As Manus talks to Maire, the students talk quietly to one another and look at one another's work. Maire tells Manus that her passage money came through last Friday, and that she's considering going to America, since she has 10 younger siblings and no man in the house. She asks Manus if he applied for the job at the new national school, and he tells her he didn't. Maire is frustrated with him, insisting that the job pays 56 pounds a year, but Manus says that he cannot, since his father applied for it also.
Analysis
The play is set in 19th century Ireland, and located in a very unique setting of this era—the hedge-school. A hedge-school was an illegal school that existed in 18th and 19th century Ireland for children from "non-conforming" sects of Christianity (Catholicism and Presbyterianism). Friel, a lifelong Irish nationalist, sets his play in an environment in which tensions between British sovereignty in Ireland and native Irish cultural pride were high, in order to stage the political tensions that have shaped Ireland's national identity.
He peoples the play with equally specific characters, all of whom he describes with great detail and affection. His stage directions describe the characters' backstories in great detail, in ways that allow us to empathize with their plights and understand the richness of their individuality. While the setting of the play is historical, a distant memory of Ireland's past, Friel writes with a thorough detail to make his play and its characters realistic and fully-formed.
The play is true to its title from the start. Indeed the very first scene depicts several people pursuing different kinds of translation, whether they are struggling to communicate with one another or they are simply reading some ancient poetry for sport. Manus is seeking to teach the speechless Sarah to speak, and delights at the fact that he is able to motivate her to say her own name. No sooner has this happened than Jimmy comes over with his own translation of the poet Homer, comparing himself to the hero, Ulysses.

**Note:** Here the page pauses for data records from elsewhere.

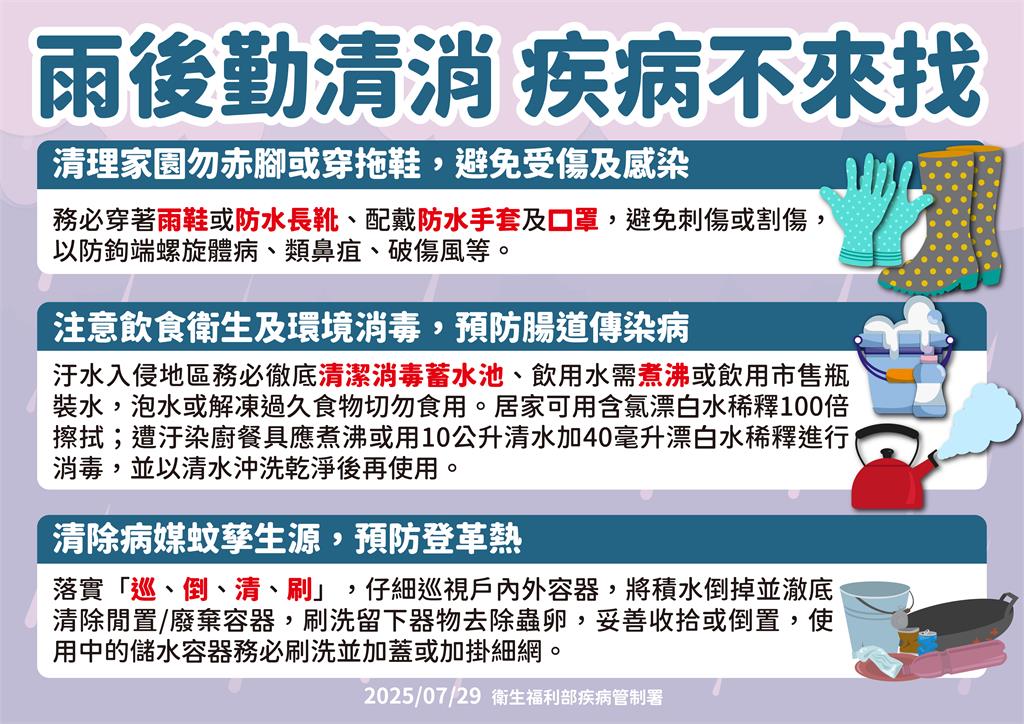 快新聞/談豪雨後落實防疫3步驟 邱泰源親上火線說明了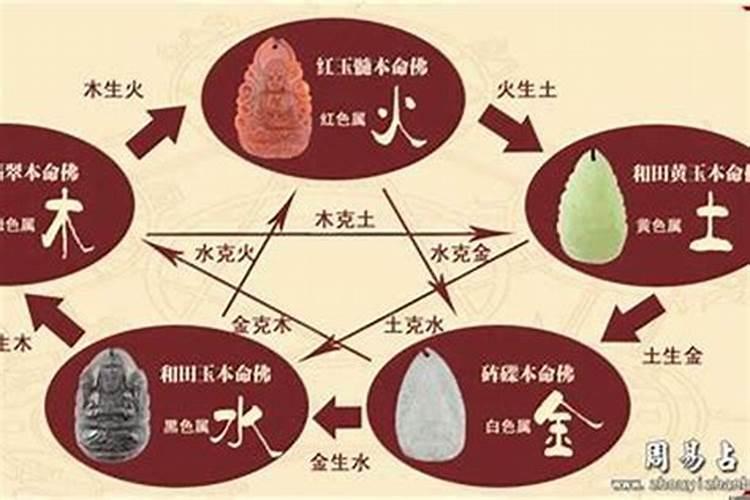 宝宝算命起名字好不好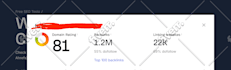 increase dr 50, 60, 70, 80 permanent dr increase ahrefs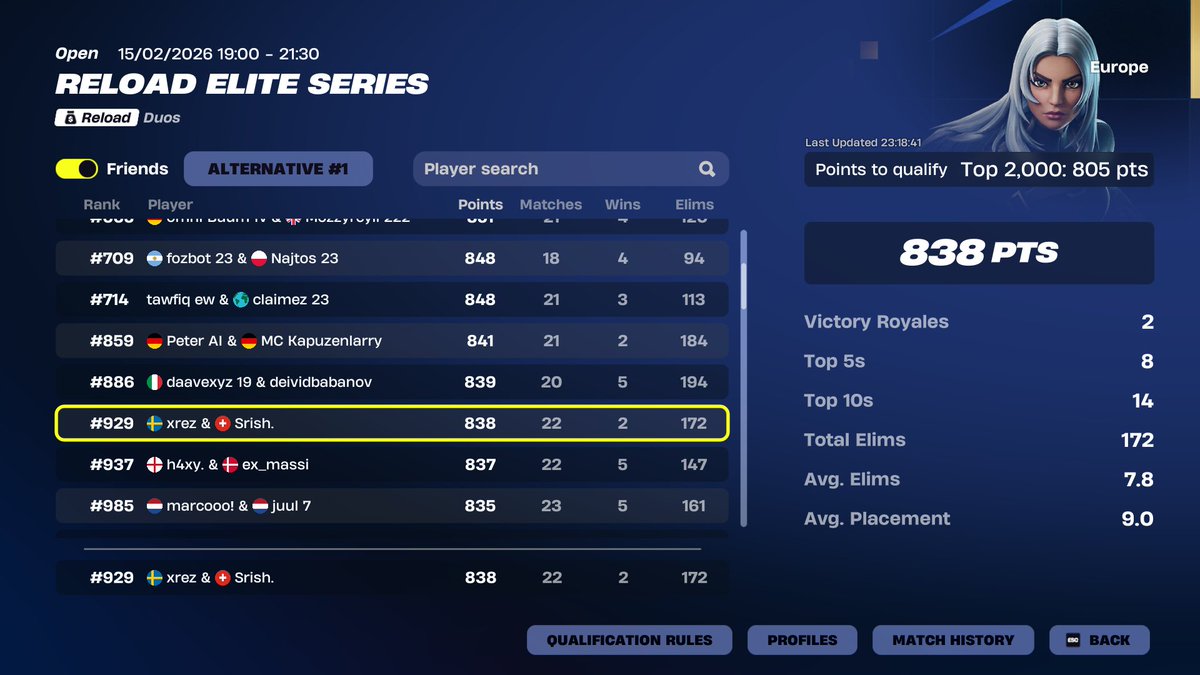 JustSrish's tweet photo. Qualed Elite Series Play-Ins

@BabosGaming https://t.co/HiSP3YHesJ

The larger translation to which the title refers is the complete communication blockage between the English and the Irish. The characters we meet at the hedge-school are all Irish people who resent the infringement of the English-speaking Red Coats in the area. While the actors in the play speak English, this is actually a theatrical device, and in the reality of the play, they are all speaking Gaelic to one another, barely able to understand the English language of the foreign invaders. The distance between the English and the Irish national languages is a hostile and complicated one, in that the Irish people at the school resent the colonial entitlement of the English, and feel as though their national identity is being infringed upon. Thus, the "translation" of language in this context contains a great deal of political hostility and tension.
The central characters also share their own specific intimacies and tensions. For instance, Maire and Manus share a special, intimate relationship, but are often caught up in conflict with one another; Maire is considering a move to America because of the desperate conditions of her home life, and Manus feels unable to apply for a job at the new national school because it would put him in competition with his father. While none of these conflicts are out in the open, we catch murmurs in private conversation within the makeshift schoolhouse.